No one understood the implications of Mahan and Turner better than Theodore Roosevelt, who in a brief but vigorous lifetime had direct experience both in the frontier West and in the Navy Department. To Roosevelt the prospect of America isolated and confined in a world of predator nations was anathema. Together with Lodge, Secretary of State John Hay, and a handful of others in government, Howard Beale has observed, he “plunge[d] the nation into an imperialist career” in 1898 “that it never explicitly decided to follow.” The pugnacious young “TR” believed that a man just wasn’t a man without a six-gun and a nation just wasn’t a nation without a fleet of battleships.
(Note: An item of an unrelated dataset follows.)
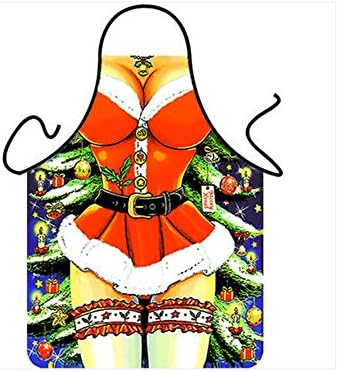 Personalized sexy ladies with Christmas dress pattern apron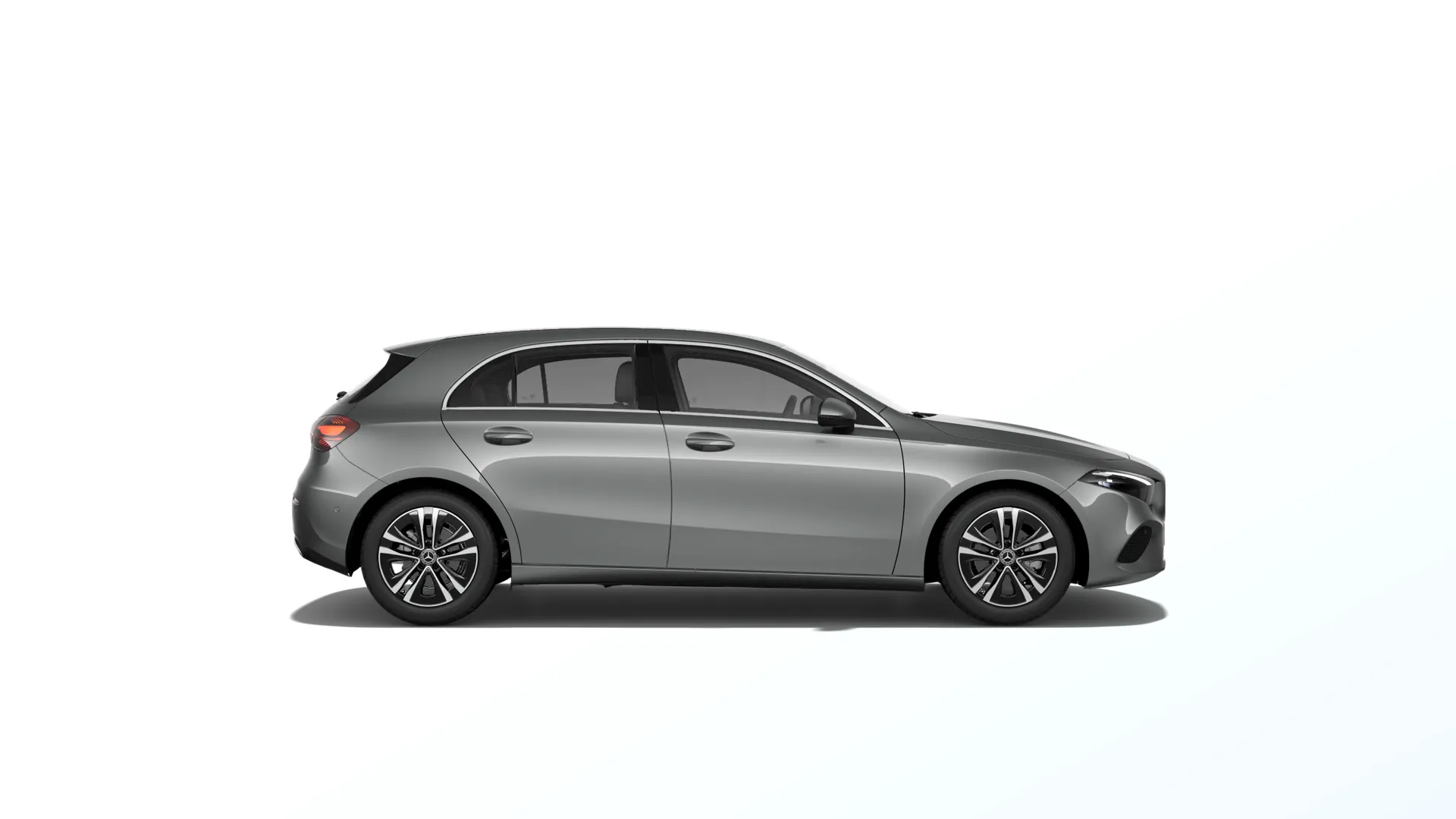 Třída A hatchback (W177-fl), Linie Progressive, Metalická šedá mountain, side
Should the nation be forced to go to war with either European meddlers or hemispheric predators, a large steel-clad, big-gun navy, he argued, would allow it to emerge “immeasurably the gainer in honor and renown. . . . If we announce in the beginning that we don’t class ourselves among the really great peoples who are willing to fight for their greatness, that we intend to remain defenseless, . . . we doubtless can remain at peace,” but “it will not be the kind of peace which tends to exalt the national name, or make the individual citizen self-respecting.” In an amoral world of nations maneuvering incessantly for power, prestige, and position, peace could be preserved only by periodic threats of sword and gun. “If we build and maintain an adequate navy and let it be understood that . . . we are perfectly ready and willing to fight for our rights, then . . . the chances of war will become infinitesimal.”
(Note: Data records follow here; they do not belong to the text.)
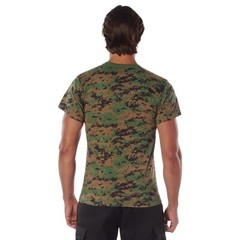 Rothco Mens Woodland Digital Camo Short Sleeve T-Shirt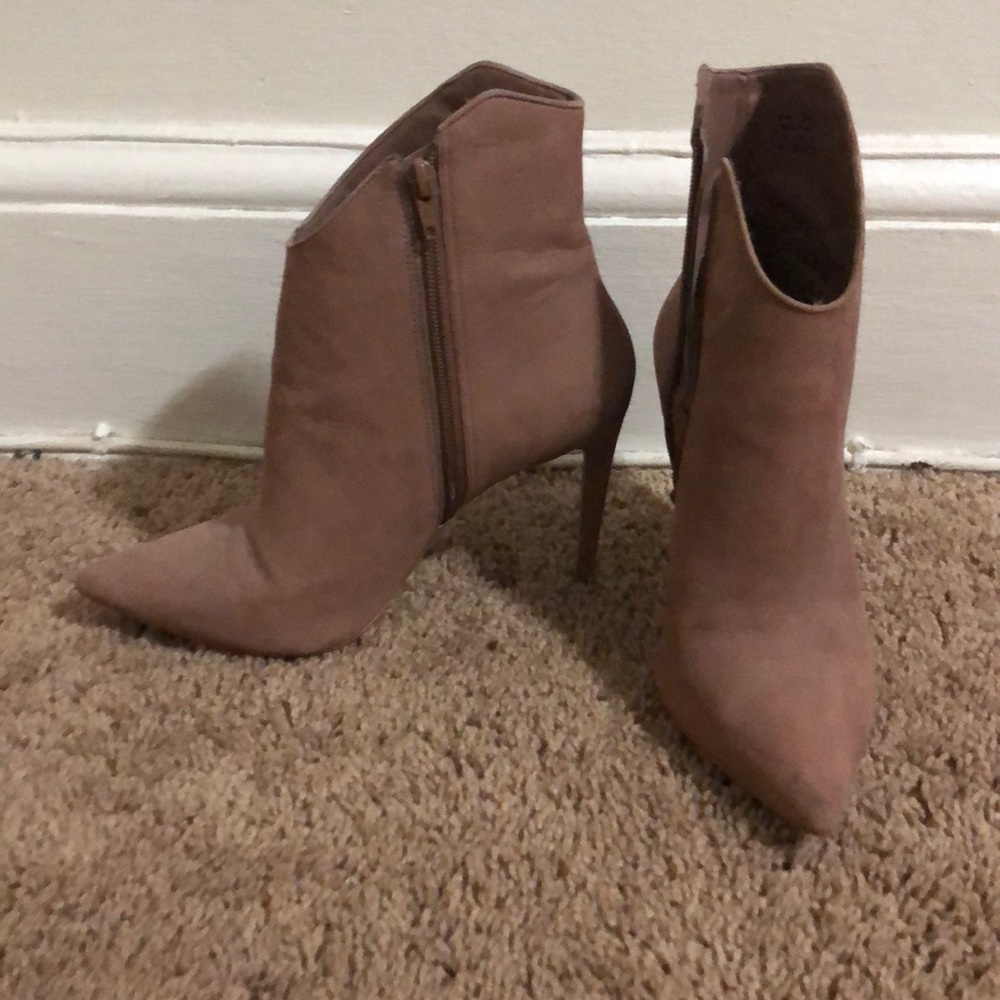 Aldo Suede Heel Boots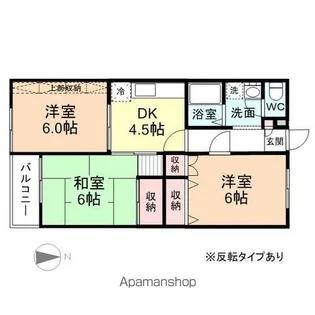 ハイツJUN【302号室】の間取り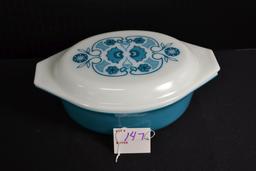 Pyrex New Horizon No. 043 Casserole w/Lid; Mfg. 1969-1972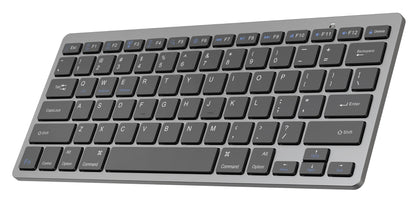 Platinet PMK120WBS Draadloze Toetsenbord - 2-in-1 - Bluetooth - Zilver/Zwart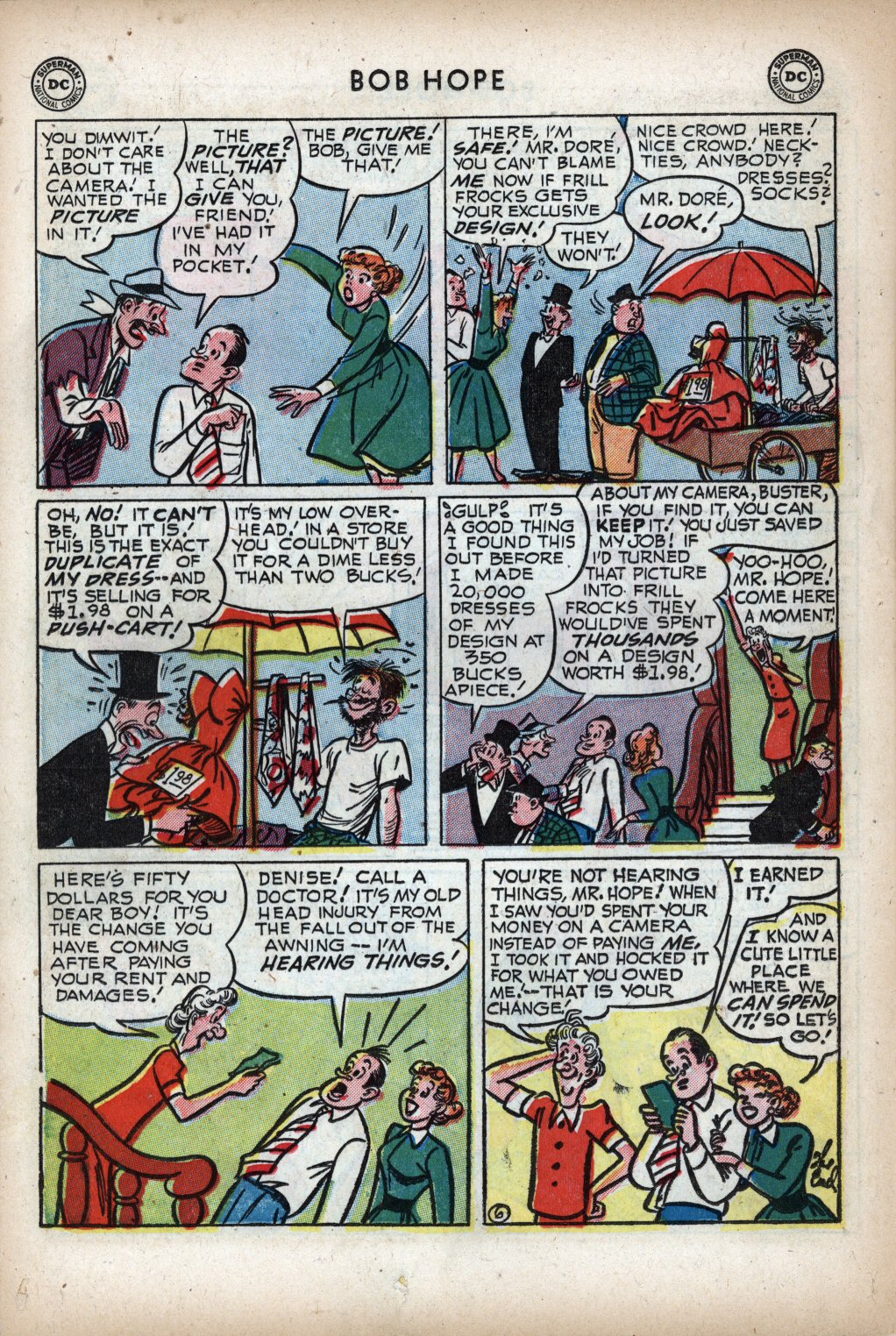Read online The Adventures of Bob Hope comic -  Issue #13 - 31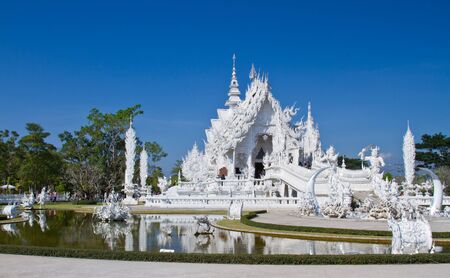 white templeの写真素材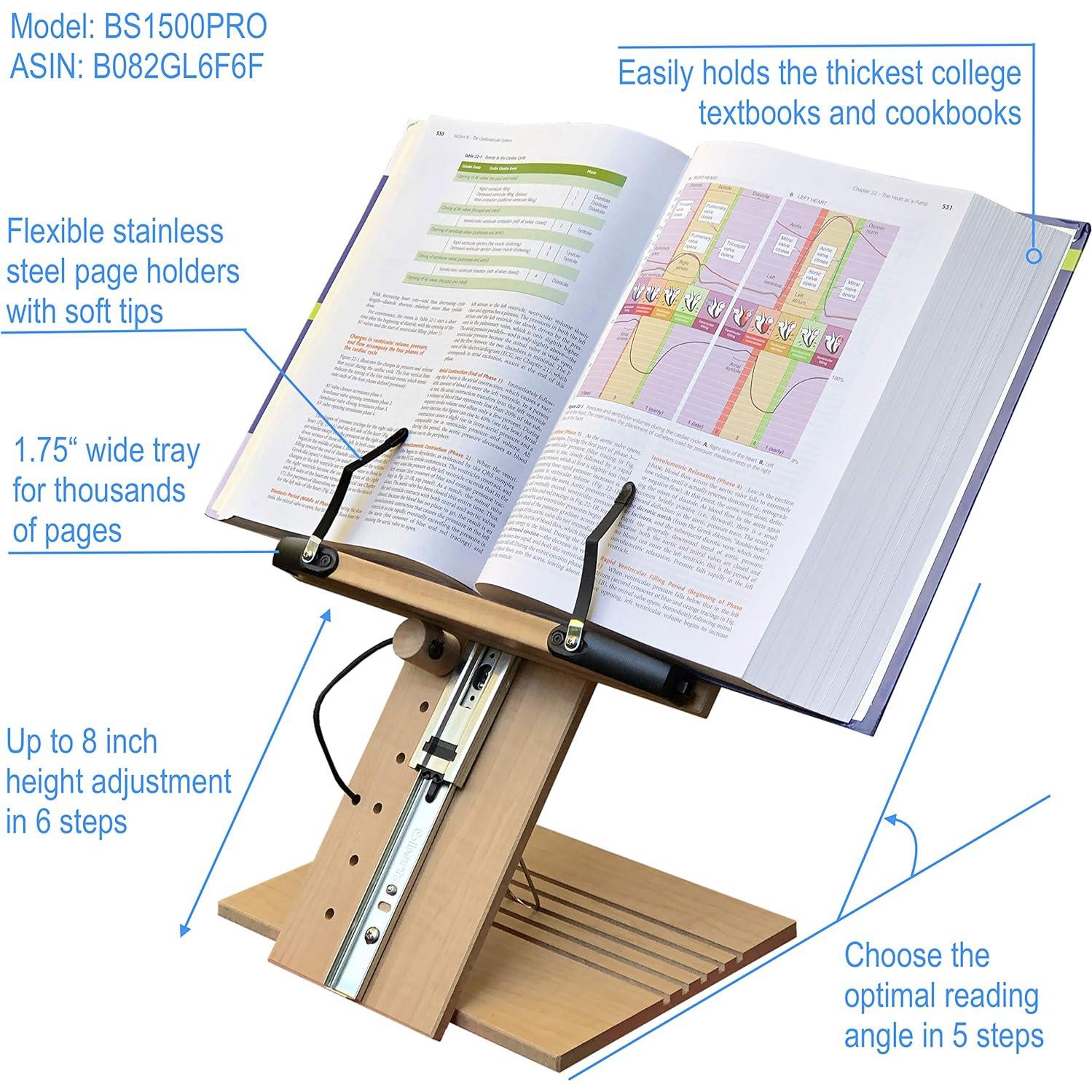 Soporte de Libro Ergonómico A+ BS1500PRO Ajustable 20cm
But the navy could not be simply defensive and reactive; it had to be the spearhead of a vigorous, healthy national empire that stretched to the ends of the earth. “Every expansion of a great civilized power,” Roosevelt wrote at the end of 1899 in a typically Mahanian tone, 

means a victory for law, order, and righteousness. This has been the case in every instance of expansion during the present century, whether the expanding power were France or England, Russia or America. In every instance the expansion has been of benefit, not so much to the power nominally benefited, as to the whole world. In every instance the result proved that the expanding power was doing a duty to civilization far greater and more important than could have been done by any stationary power. 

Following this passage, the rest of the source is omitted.